The distinction at this level is that the AI can not only provide relevant information, but it can also digest information accurately and perceive its environment to propose actions. However, a human-in-the-loop is still the pilot and the agent requires manual review of its proposal and/or need authorization from a human to operationalize actions.

For example: Code co-pilot can generate code completion suggestions within the integrated development environment (IDE), but the developer needs to deploy the code and/or a human manager needs to approve the code agent to push changes directly into the repository.

L3: High autonomy to act on tasks

AI agent has authority and entitlement to operational systems so that it can complete tasks autonomously with strong guarantees of reliability.

For example: Code agents can generate code and make changes directly and correctly to a code base without a human manager to review.

L4: Perform job

Fully autonomous AI employees can set and meet goals by understanding their environment and navigating complex, sequenced workflows. They can complete tasks they’ve never seen before.

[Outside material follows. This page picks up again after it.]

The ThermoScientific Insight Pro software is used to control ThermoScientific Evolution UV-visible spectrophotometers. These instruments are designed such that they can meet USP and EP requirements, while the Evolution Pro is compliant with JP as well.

For example: AI agents fully act as software engineers.

L5: Teams of agents

Agents can interact and collaborate successfully by sharing context and executing tasks in concert to achieve a common goal.

For example: AI agents perform like a software engineer SWAT team.

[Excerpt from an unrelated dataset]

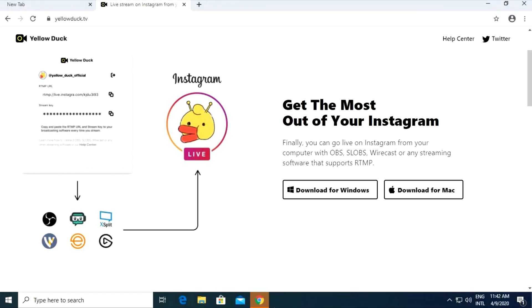In this video we will explain how to go live stream on Instagram from your computer.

L6: Manage teams of agents

Agents not just collaborate successfully, but now agents can recruit and assess other AIs, direct them, give feedback, and even replace them when necessary.

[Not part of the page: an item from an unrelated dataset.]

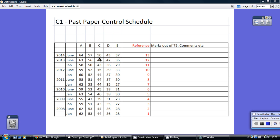I've filed away all my videos by way of this reference number here. So if you're trying to find anything to do with the June 2014 C1 paper, look out for reference 13.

For example: AI engineering manager or AI product manager coordinating and critiquing other AIs for a feature launch.

Agentic workforces are coming

The potential for AI to function as full employees and even teams of employees is vast. But it doesn’t end there. Beyond the L6 frontier, we like to draw upon Marvin Minsky’s ’society of mind’ theory to understand the unlimited potential for economically viable work to be transformed as AI agents transcend individuals or teams, and begin organizing themselves into scaled hives and even full companies:

“The mind is not a single, unified entity, but rather a ‘society’ of simpler processes—called ‘agents’—working together to create what we experience as thought, consciousness, and intelligence.”

In time, we believe that AI will improve and even automate every information job done by human beings, including ours as investors. This will bring massive transformation both on the enterprise and customer side, not just fulfilling AI’s productivity promise by enabling humans to be more efficient at work, but possibly causing an evolution of the workforce toward an agentic majority.

If you’re not sold on the imminent possibilities of artificial intelligence, we’d invite you to consider that this might be an illusion.

AI agent intelusion

While it’s natural for humans to feel a level of resistance or fear with the possible risks that new AI technologies pose, we often underestimate the positive impact AI agents may have on people’s lives and the economy. The aim is to not be “intelusional,” but rather intentional on how we leverage the potential of AI.